Opiniones de Hernán Rodríguez Castelo sobre LA VÍA NOCTURNA de Nicolás Jiménez extraídas del ensayo publicado en www.hernanrodiguezcastelo.com
La vía
nocturna de Nicolás Jiménez Mendoza es
una novela río, narrada desde un presente indeciso y tomando las aguas desde
pocos años atrás, casi una década -"conservo una pequeña agenda del año
59, en la que he registrado el tedio vivido día a día"-, por José Elías
Arcos (para la jorga "Pepelías"), de la pequeña burguesía del barrio
de San Roque, que comenzó por lo ordinario -colegio, algo de universidad, el
modesto empleo- pero dio con el camino de la noche, "que no es heroico
-dice- sino salida de lo cotidiano". Y ese camino fue la bohemia.

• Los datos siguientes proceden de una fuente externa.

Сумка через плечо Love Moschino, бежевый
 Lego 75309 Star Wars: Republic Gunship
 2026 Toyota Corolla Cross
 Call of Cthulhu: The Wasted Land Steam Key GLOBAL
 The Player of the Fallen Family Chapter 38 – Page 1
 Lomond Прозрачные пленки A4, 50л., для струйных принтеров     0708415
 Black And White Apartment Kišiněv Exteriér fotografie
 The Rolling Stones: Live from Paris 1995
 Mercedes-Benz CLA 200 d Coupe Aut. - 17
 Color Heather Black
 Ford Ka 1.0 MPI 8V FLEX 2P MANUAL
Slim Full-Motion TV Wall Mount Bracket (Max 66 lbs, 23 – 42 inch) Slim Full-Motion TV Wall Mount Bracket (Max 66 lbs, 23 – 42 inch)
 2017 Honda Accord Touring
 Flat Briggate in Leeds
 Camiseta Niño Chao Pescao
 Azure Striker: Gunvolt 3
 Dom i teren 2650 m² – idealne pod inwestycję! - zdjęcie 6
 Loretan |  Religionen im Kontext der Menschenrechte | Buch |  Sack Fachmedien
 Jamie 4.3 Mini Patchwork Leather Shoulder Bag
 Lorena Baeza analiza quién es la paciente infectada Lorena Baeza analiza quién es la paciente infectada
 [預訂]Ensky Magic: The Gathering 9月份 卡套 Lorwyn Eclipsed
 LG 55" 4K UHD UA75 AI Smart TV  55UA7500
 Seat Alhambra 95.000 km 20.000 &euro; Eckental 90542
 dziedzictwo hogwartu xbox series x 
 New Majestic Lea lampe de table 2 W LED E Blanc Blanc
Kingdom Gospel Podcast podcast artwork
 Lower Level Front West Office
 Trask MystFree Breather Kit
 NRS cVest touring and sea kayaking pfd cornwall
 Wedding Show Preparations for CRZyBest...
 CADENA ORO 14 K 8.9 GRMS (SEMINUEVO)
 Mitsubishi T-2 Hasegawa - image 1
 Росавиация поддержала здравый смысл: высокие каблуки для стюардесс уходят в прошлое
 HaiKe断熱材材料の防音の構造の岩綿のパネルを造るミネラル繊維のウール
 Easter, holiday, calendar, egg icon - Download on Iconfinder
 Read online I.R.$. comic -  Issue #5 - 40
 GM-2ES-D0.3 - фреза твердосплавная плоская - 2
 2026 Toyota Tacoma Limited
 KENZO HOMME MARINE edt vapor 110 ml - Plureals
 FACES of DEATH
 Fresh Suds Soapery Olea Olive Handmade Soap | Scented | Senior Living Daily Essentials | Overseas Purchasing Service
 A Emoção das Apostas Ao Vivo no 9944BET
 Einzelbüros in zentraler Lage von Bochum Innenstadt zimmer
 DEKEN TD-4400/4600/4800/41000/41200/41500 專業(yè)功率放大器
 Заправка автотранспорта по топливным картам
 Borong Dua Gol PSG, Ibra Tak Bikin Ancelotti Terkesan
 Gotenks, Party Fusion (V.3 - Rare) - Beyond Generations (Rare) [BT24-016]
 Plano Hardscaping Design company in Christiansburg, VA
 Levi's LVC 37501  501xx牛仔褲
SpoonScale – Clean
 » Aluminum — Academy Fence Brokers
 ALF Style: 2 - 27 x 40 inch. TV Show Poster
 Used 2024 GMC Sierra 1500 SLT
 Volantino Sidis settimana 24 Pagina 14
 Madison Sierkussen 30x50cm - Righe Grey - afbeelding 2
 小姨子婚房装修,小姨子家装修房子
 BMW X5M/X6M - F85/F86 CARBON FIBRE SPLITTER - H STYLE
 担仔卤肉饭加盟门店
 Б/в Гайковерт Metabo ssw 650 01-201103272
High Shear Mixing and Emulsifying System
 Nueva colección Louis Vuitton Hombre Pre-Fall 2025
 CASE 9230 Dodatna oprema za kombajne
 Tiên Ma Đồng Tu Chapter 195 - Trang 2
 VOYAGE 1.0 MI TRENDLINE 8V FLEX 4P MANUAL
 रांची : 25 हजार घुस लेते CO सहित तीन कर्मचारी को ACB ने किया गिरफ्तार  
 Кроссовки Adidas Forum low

La bohemia del narrador no sería la del borracho, aunque tantos
recuerdos se evocan al amor de unas cervezas en bares o de los tragos fuertes
en prostíbulos: sería la del gozador del sexo. El disfrute del sexo es
verdadero leitmotivo de esta "vía".
El clima es la noche.
Y el escenario, Quito. Este incansable caminar nocturno por las calles
del Quito de los cincuentas y los sesentas, recalando en salas de baile y
cantinas y en prostíbulos, construye la gran novela del Quito de noche.
"Asumí la Vía y la urbe me acogió en su vientre prodigioso", que dice
el narrador-actor.
Las oficiantes de los misterios de la noche son las putas. Esta novela,
que exalta una vida nocturna rica de placeres, ahonda, desde la mirada de este
bohemio crítico en el sentido de esas mujeres, en quienes admira -en contra de
la generalizada opinión burguesa- su libertad.
Y los templos del ritual nocturno eran los cabarets o night
clubs. "recuerdo al Bagatelle y al Pigalle que luego fue el Moulin
Rouge, propiedad del francés Norris.
Quedaban por la calle 18 de Septiembre. También al norte de El Ejido quedaba el
Boris...". "Un dermatólogo especialista en venéreas, ni más ni menos,
instaló un cabaret en el piso superior de los Caldos de la Pedro Fermín
Cevallos"... A esos o templos -antros para el moralista burgués- iban también
los "paganos"...
Y una de las líneas críticas de la novela, de las más duras y hasta
crudas, era la de la vida sexual doméstica de una alta burguesía, hecha de
frustraciones, hipocresías y mentiras.
La liturgia de ese culto era la liturgia carnal, y la preparación para
la liturgia misma, o antesala de ella, el baile.
El frenesí del ritual nocturno se alcanza en el baile. Los primeros
pasos del narrador por la Vía, con algo de iluminaciones o vivencias profundas,
se dan en el baile. Bailando con Leda al son de los tambores y el canto de La
Negra Caliente, abrazados los dos "y haciendo giros perfectos",
"estuve en éxtasis, en conjunción con la luz, la vida, la música y el
movimiento. Se me reveló una dimensión nueva, se abrió un mundo para mí, o dio
vuelta el que conocía y su envés estaba en el cielo".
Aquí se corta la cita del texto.